Para se cobrar um padrão mínimo, seguindo normas gramaticais e de tradução, o certo é o leitor também se tornar alguém ciente de que as mensagens originais sofrem um "dumbing down" quando são alteradas para publicação. É um mal natural da comunicação (transmissão) e se convive com ele.
 
Em textos muito antigos, de um lado pode ser até bom o tradutor converter usando termos totalmente atuais que facilitem a compreensão (já imaginaram uma Bíblia em português totalmente assim com termos bem atuais?), mas por outro a alma histórica do texto original fica comprometida. Então é sempre um dilema querer fazer uma coisa sem deixar de fazer outra.
 
Em textos muito antigos, de um lado pode ser até bom o tradutor converter usando termos totalmente atuais que facilitem a compreensão (já imaginaram uma Bíblia em português totalmente assim com termos bem atuais?), mas por outro a alma histórica do texto original fica comprometida. Então é sempre um dilema querer fazer uma coisa sem deixar de fazer outra.
Existe Bíblia com termos atuais. Há dois tipos principais de tradução bíblica: formal equivalence e dynamical equivalence. Na formal equivalence o texto é traduzido palavra por palavra o máximo possível, já na dynamical equivalence são usadas frases atuais com sentido equivalente ao original.
Exemplo: amai-vos uns aos outros com amor entranhável (literalmente, com as entranhas, com as tripas). Essa expressão significa amai-vos uns aos outros com todas as forças, ou seja, de todo o coração.
Um exemplo de Bíblia em português que usa o método word-for-word (formal equivalence) é a famosa tradução de João Ferreira de Almeida (conhecida simplesmente como Versão Almeida), e um exemplo de tradução thought-for-thought (dynamic equivalence) seria a Nova Tradução na Linguagem de Hoje (geralmente chamada de NTLH).

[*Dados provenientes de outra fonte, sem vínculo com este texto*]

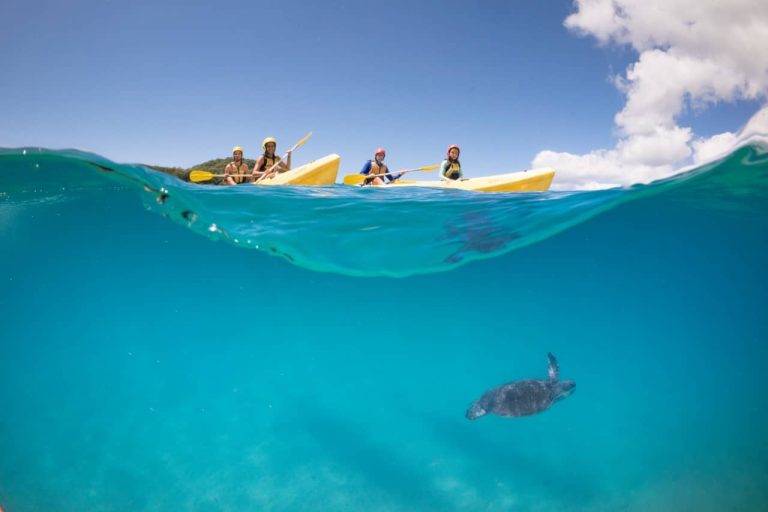 kayaking-turtles-wildlife-byron-bay-australia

E realmente, como você disse, se é uma tradução usando equivalência formal você ganha em precisão mas perde em legibilidade pois acaba sendo uma leitura mais densa, pois muitas expressões antigas já não são mais usadas ou não existem em nosso idioma. Já as traduções de equivalência dinâmica por sua vez são fáceis de ler, mas não é uma tradução palavra por palavra e, portanto, perde-se algumas sutilezas presentes no texto original.
 
Existe Bíblia com termos atuais. Há dois tipos principais de tradução bíblica: formal equivalence e dynamical equivalence. Na formal equivalence o texto é traduzido palavra por palavra o máximo possível, já na dynamical equivalence são usadas frases atuais com sentido equivalente ao original.
Exemplo: amai-vos uns aos outros com amor entranhável (literalmente, com as entranhas, com as tripas). Essa expressão significa amai-vos uns aos outros com todas as forças, ou seja, de todo o coração.
Um exemplo de Bíblia em português que usa o método word-for-word (formal equivalence) é a famosa tradução de João Ferreira de Almeida (conhecida simplesmente como Versão Almeida), e um exemplo de tradução thought-for-thought (dynamic equivalence) seria a Nova Tradução na Linguagem de Hoje (geralmente chamada de NTLH).

E realmente, como você disse, se é uma tradução usando equivalência formal você ganha em precisão mas perde em legibilidade pois acaba sendo uma leitura mais densa, pois muitas expressões antigas já não são mais usadas ou não existem em nosso idioma. Já as traduções de equivalência dinâmica por sua vez são fáceis de ler, mas não é uma tradução palavra por palavra e, portanto, perde-se algumas sutilezas presentes no texto original.

Legal. Eu nunca fui atrás, mas é bom saber.